The script doesn't do much, but it's only meant to higlight some important aspects of Python syntax. 
Now let's go over the code line-by-line and understand what's happening.

- Comments begin with a `#` sign
- `some_data` is a variable name.
- The comma-separated numbers inside square brackets `[]` make up a Python collection `list`, which are *iterable*
- The `=` creates a binding between the variable name and the list of numbers. This is also called an *assignment*
- *Functions* are defined with the `def` keyword. The name of this function is `adder`. Functions can optionally *return* objects
- *Triple quotes* are used for multi-line comments. It is customary to include a *docstring* with Python functions that describes what it does
- Blocks of code (*for-loop, if-else* block) are denoted using *indentation* and not curly braces (unlike R, Java, C++)
    - This is critical as it enforces a style of syntax that makes most Python code looking cosmetically similar and hence improves readability.
- A colon `:` denotes the start of an indented code block after which all of the code must be indented by the same amount until the end of the block
- The `for` loop iterates over the list of numbers
- The `if ... else` statement is used to check logic. (The `%` operator finds the remainder of a division.)
- Python statements aren't terminated using semi-colons `;`

---
## The Zen of Python & Pythonic Code

In a new cell, type `import this` and run it.
You'll find a list of tenets laid down by Tim Peters that describe the philosophy of the creators of Python.

One of these, is often the subject of lengthy discussions: `There should be one — and preferably only one — obvious way to do it.`

Code written in accordance with this “obvious” way is often described as being **Pythonic**.

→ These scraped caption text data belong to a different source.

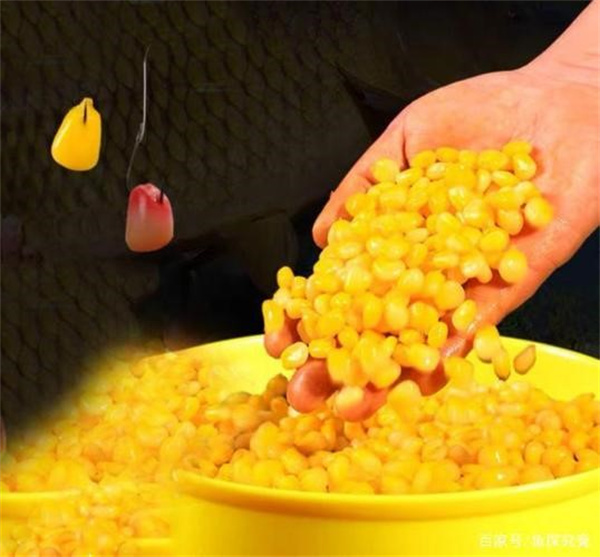 嫩玉米与商品饵怎么混合使用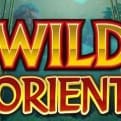 Microgaming Just Launched Wild Orient Slot Machine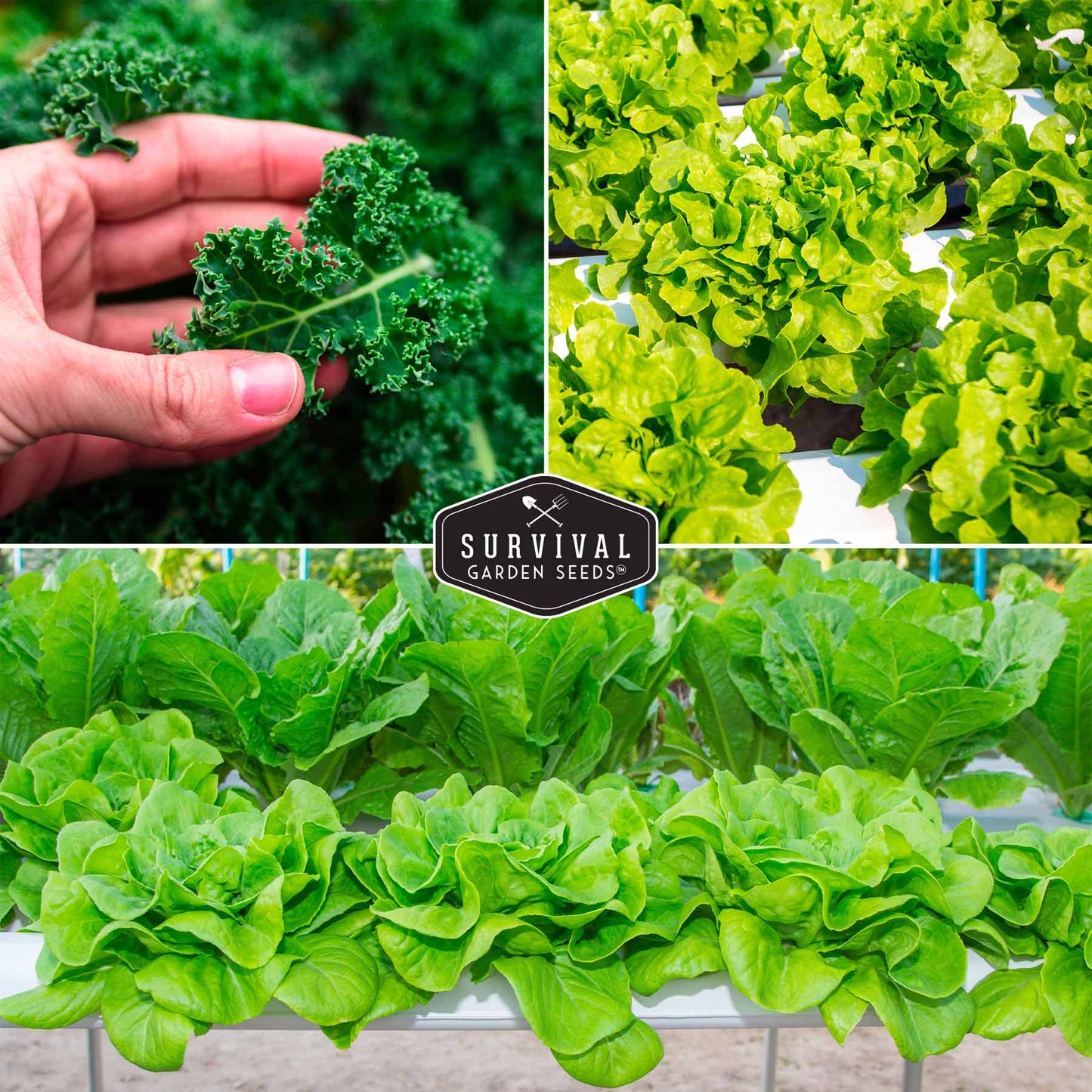 Hydroponic Vegetable Seed Collection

On community-driven forums like *StackOverflow*, you will often find questions to the tune of - *Is there a Pythonic way of doing X?* asked by programmers who feel that the code they've written is ugly and/or too complex. Though this may seem myterious right now, as you read and write more Python code, it will become evident to you and you will begin to leverage features of the language in the fabled obvious way.

As in any other language, there are often multiple ways of doing the same thing in Python, and whenever faced with such a choice, we will favor the Pythonic way over others.

---
## Getting help on-the-go

Never fret or despair when you're learning Python, for help is always at hand! 

The Official Python documentation is built into the Jupyter ecosystem. Whenever you find yourself stuck or unclear on what a function does or whether you're typing the right syntax, just call for help by appending a `?` Question mark at the end of the object, and run the cell.

For example, let's assume you don't know what the `id()` function does. You may simply write `id?` and the function's docstring will be displayed for you to read through and take note of things such as
- What arguments does the function take?
- What is the data type of the returned object?
- If you need even more information on a function or object, try using a double-question mark `??`.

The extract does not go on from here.